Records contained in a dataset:
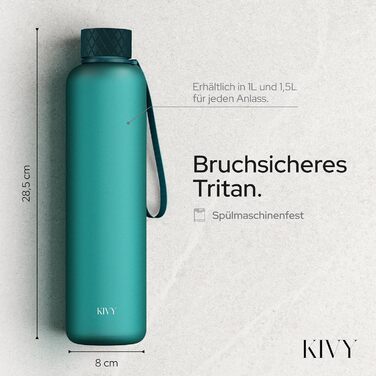 Пляшка для води 1 л тританова, петролева KIVY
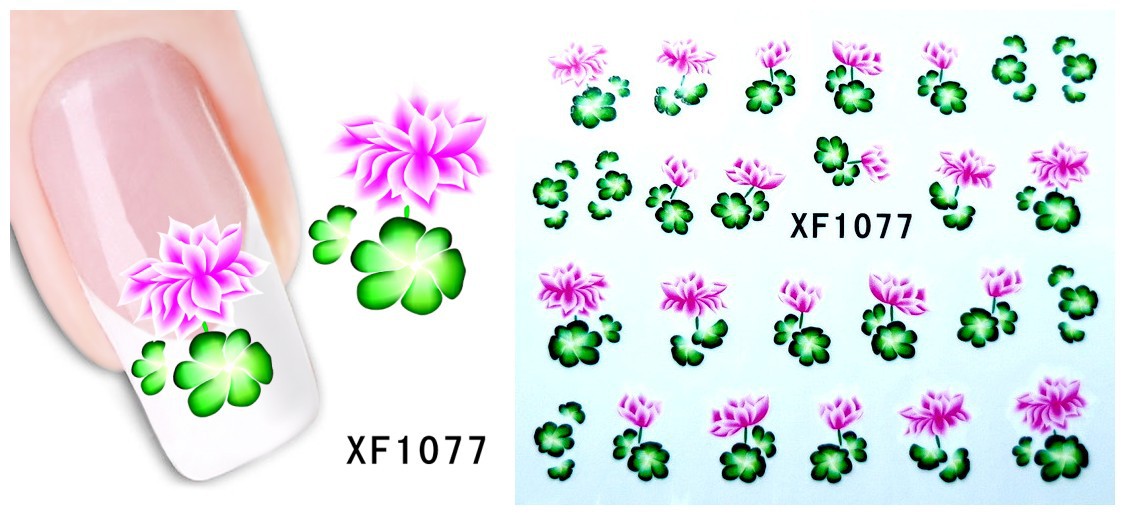 XF1073-1078 Flower Water Nail Sticker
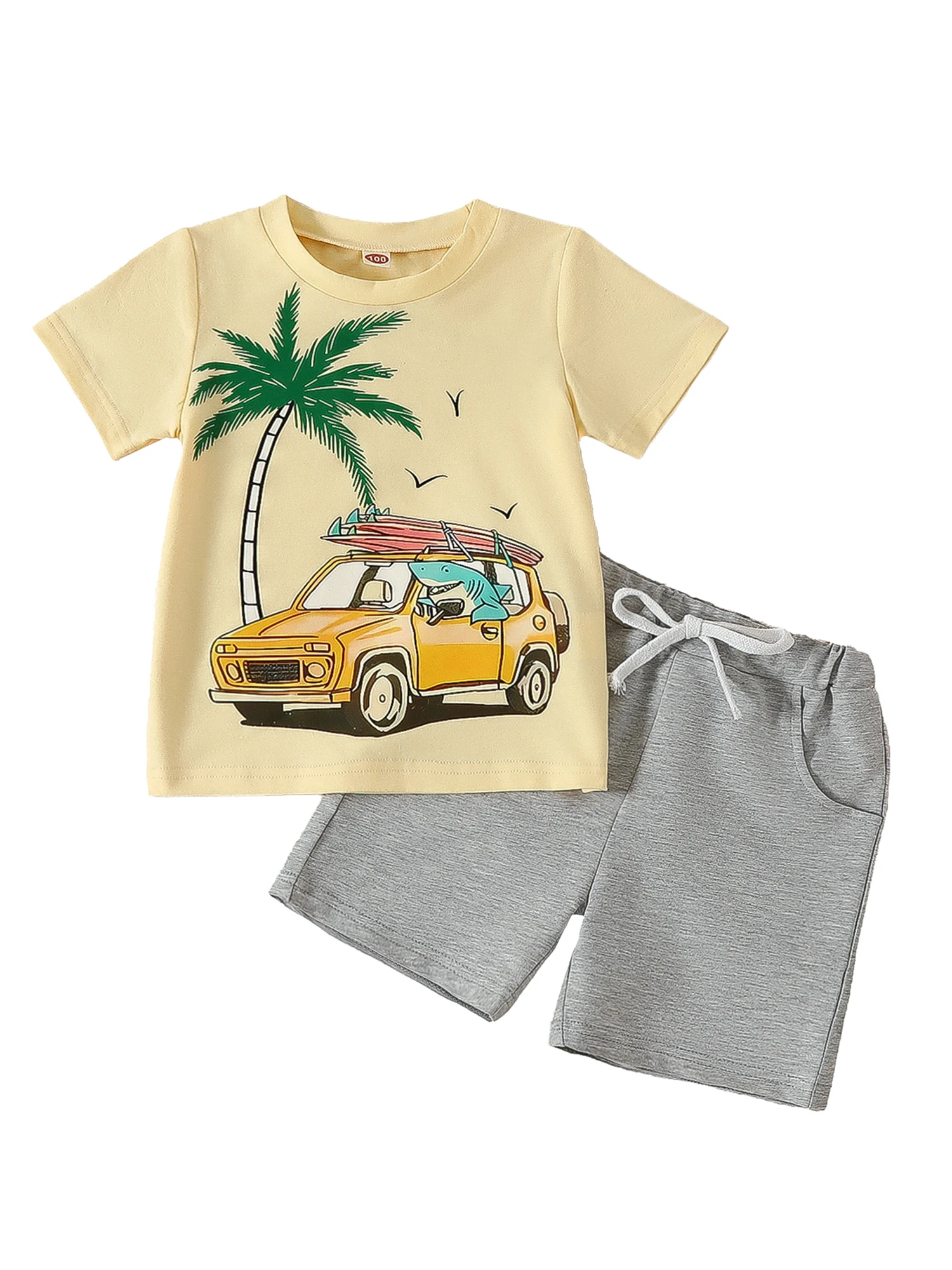 

Летняя одежда для маленьких мальчиков, топы с коротким рукавом и принтом в виде грузовика акулы, комплект с шортами для новорожденных, одежд...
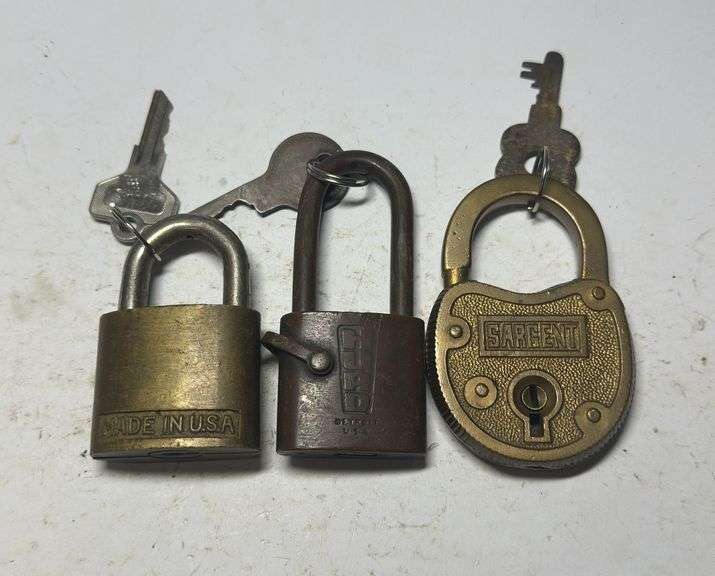 Lot of Three Padlocks with Keys: Dexter, USN, and Sargent & Greenleaf image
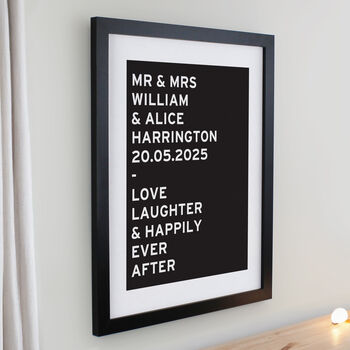 Personalised Typography Black Poster Frame, 4 of 7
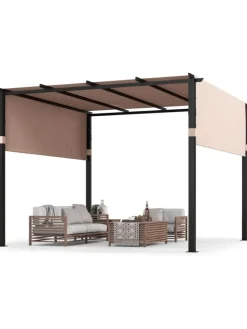 COSTWAY Gartenmöbel<Pergola mit 2 verstellbaren Dächern in Beige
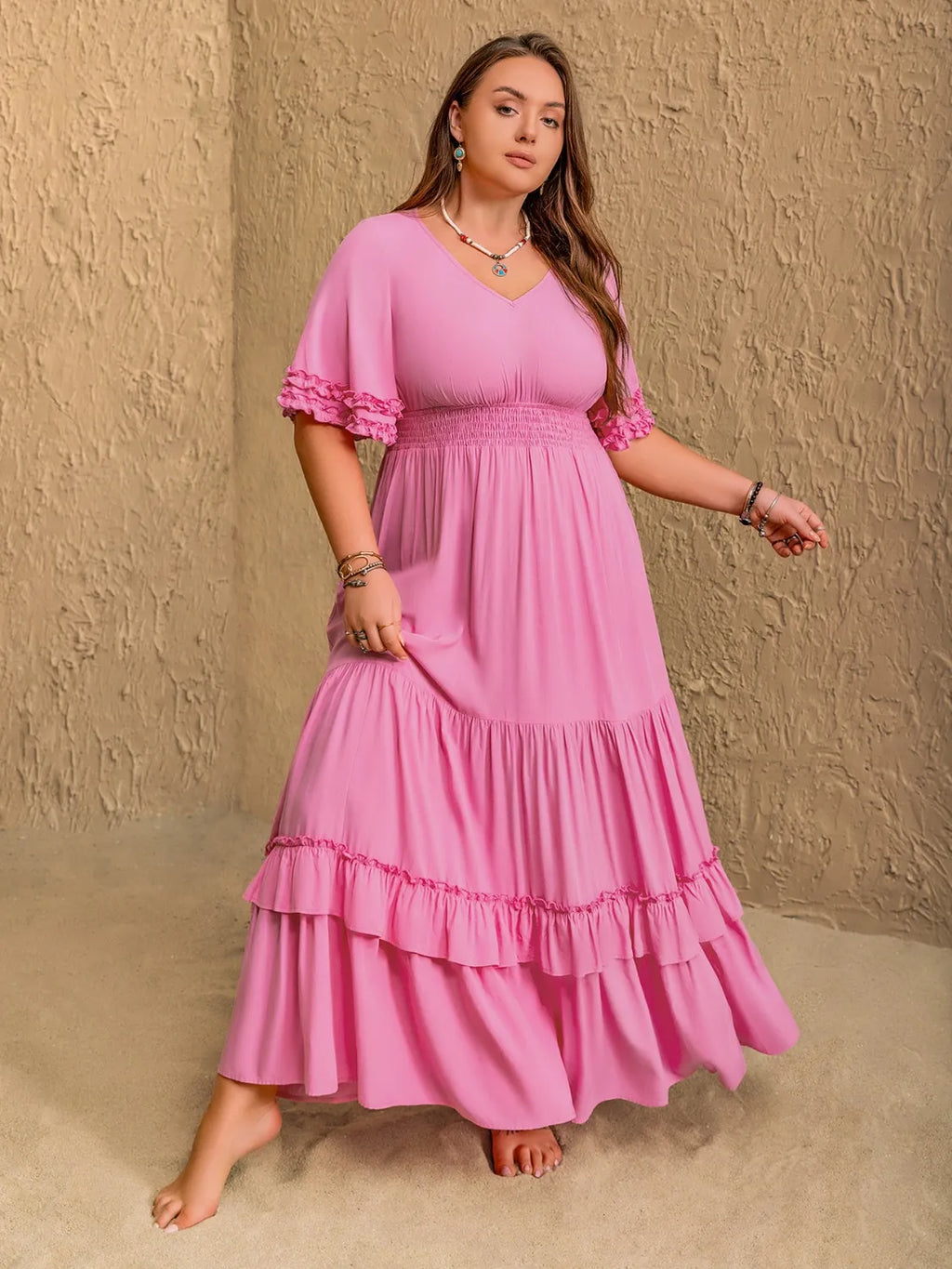 Plus Size V-Neck Half Sleeve Maxi Dress - Blushé Belle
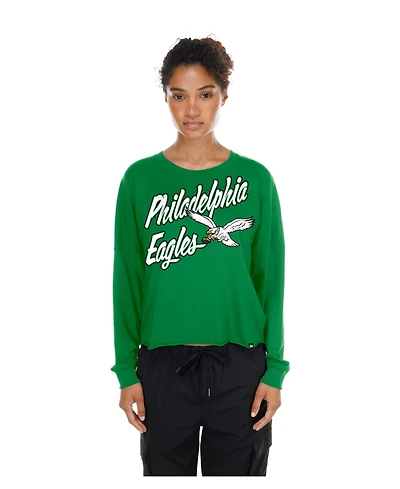 New Era Women's Philadelphia Eagles Cropped Oversized Long-Sleeve T-Shirt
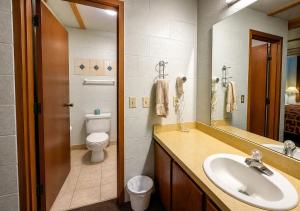 a bathroom with a sink and a toilet at Skyline Motel Bartlesville Hwy 75 in Bartlesville +20 photos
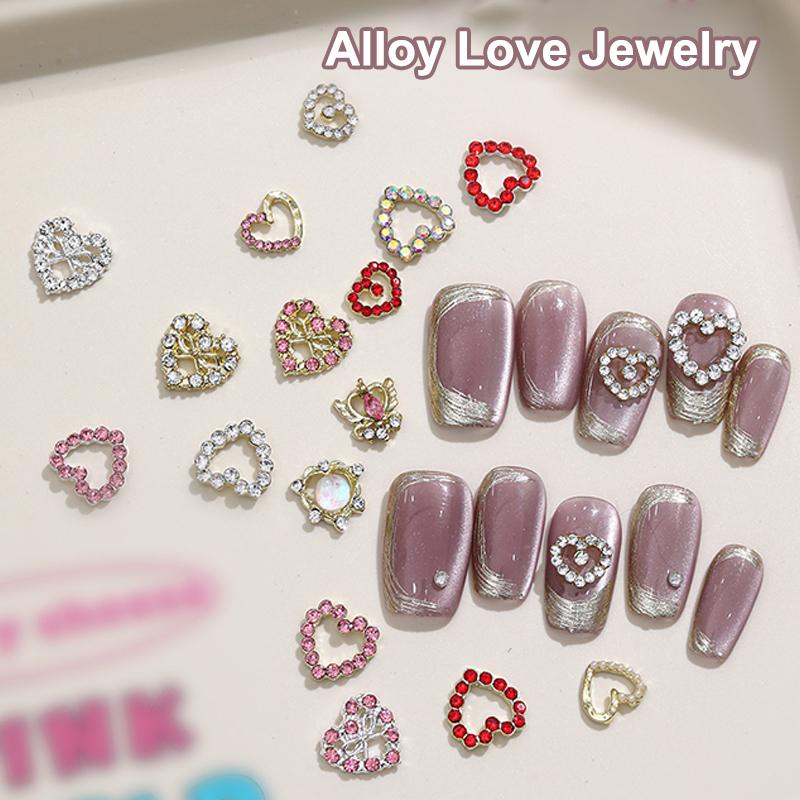 2Pcs 3D Loving Heart Shaped Nail Art Rhinestone Gems Charms Luxury Diamond Alloy Glitter Hearts Jewelry Nail Supplies Accessory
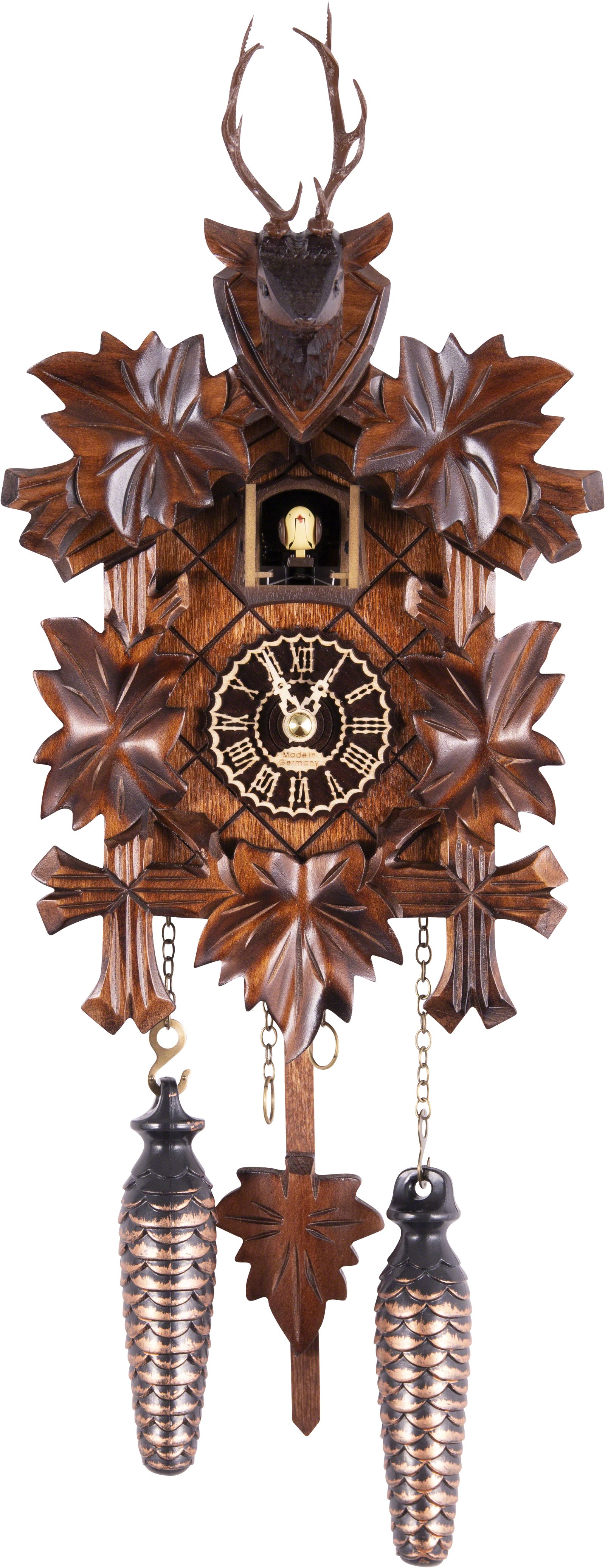 Cuckoo Clock Quartz-movement Carved-Style 23cm by Trenkle Uhren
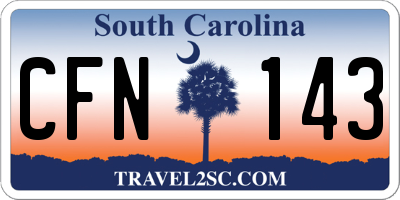 SC license plate CFN143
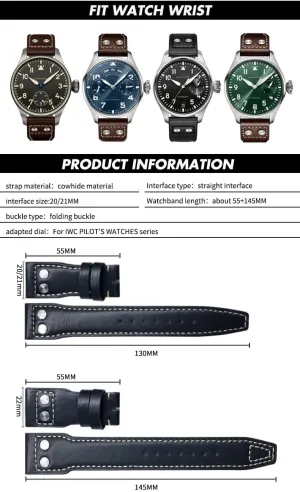 English Fit For IWC SPITFIRE Big Pilot's Watch IW5009 Cowhide Strap 20mm 21mm 22mm Real Leather Rivets Watchband 
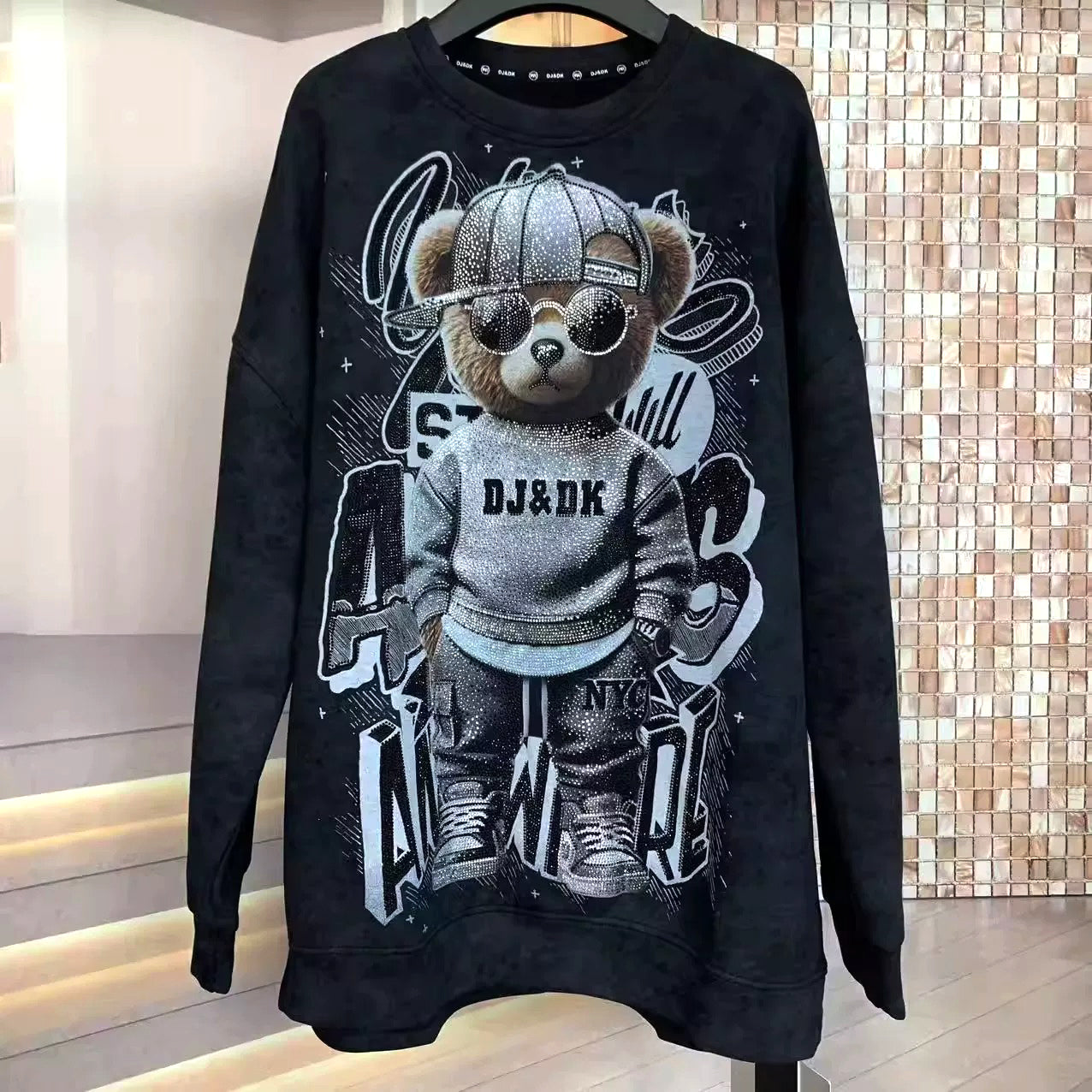 Rhinestone Teddy Bear Crewneck Sweatshirt | Oversized Bling Graphic Top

**EXERCISE:** Repeat exactly the lines from the one containing "COSTWAY Gartenmöbel<Pergola mit" through the last line of the records above, both included, and leave out the pictures.

**SOLUTION TO THIS PROBLEM:**
 COSTWAY Gartenmöbel<Pergola mit 2 verstellbaren Dächern in Beige
 Plus Size V-Neck Half Sleeve Maxi Dress - Blushé Belle
 New Era Women's Philadelphia Eagles Cropped Oversized Long-Sleeve T-Shirt
 a bathroom with a sink and a toilet at Skyline Motel Bartlesville Hwy 75 in Bartlesville +20 photos
 2Pcs 3D Loving Heart Shaped Nail Art Rhinestone Gems Charms Luxury Diamond Alloy Glitter Hearts Jewelry Nail Supplies Accessory
 Cuckoo Clock Quartz-movement Carved-Style 23cm by Trenkle Uhren
 SC license plate CFN143
 English Fit For IWC SPITFIRE Big Pilot's Watch IW5009 Cowhide Strap 20mm 21mm 22mm Real Leather Rivets Watchband 
 Rhinestone Teddy Bear Crewneck Sweatshirt | Oversized Bling Graphic Top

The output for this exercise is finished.